Randy Weston chronology
| With These Hands... (1956) | Trio and Solo (1957) | Jazz à la Bohemia (1956) |

= Trio and Solo =

Trio and Solo is an album by American jazz pianist Randy Weston recorded in 1955 and 1956 and released on the Riverside label.

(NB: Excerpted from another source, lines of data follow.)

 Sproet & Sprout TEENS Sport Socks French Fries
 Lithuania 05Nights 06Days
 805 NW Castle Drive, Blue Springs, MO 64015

Six tracks had previously appeared on the 10-inch LP The Randy Weston Trio released in 1955. The album was later released on CD as Solo, Duo & Trio compiled with Weston's 1955 debut recording Cole Porter in a Modern Mood.

== Reception ==

Allmusic awarded the album 3 stars, with the review by Alex Henderson stating: "Trio and Solo isn't as essential as some of Weston's 1960s recordings, but for those who are devoted fans of the pianist, these early performances offer considerable rewards".

Professional ratings
Review scores
| Source | Rating |
| Allmusic | Star |
| The Rolling Stone Jazz Record Guide | Star |

== Track listing ==
All compositions by Randy Weston except as indicated
1. "Sweet Sue, Just You" (Will J. Harris, Victor Young) - 3:45
2. "Pam's Waltz" - 3:41
3. "Solemn Meditation" (Sam Gill) - 6:49
4. "Again" (Dorcas Cochran, Lionel Newman) - 5:02
5. "Zulu" - 3:27
6. "If You Could See Me Now" (Tadd Dameron, Carl Sigman) - 3:37
7. "Little Girl Blue" (Lorenz Hart, Richard Rodgers) - 3:54
8. "We'll Be Together Again" (Carl Fischer, Frankie Laine) - 4:08
9. "Softness" - 4:22
10. "Lover" (Hart, Rodgers) - 4:03
- Recorded at Van Gelder Studio in Hackensack, New Jersey on 25 January 1955 (tracks 1–6) and in New York City on 10 September 1956 (tracks 7–10)

== Personnel ==
- Randy Weston - piano
- Sam Gill - bass (tracks 1–5)
- Art Blakey - drums (tracks 1–5)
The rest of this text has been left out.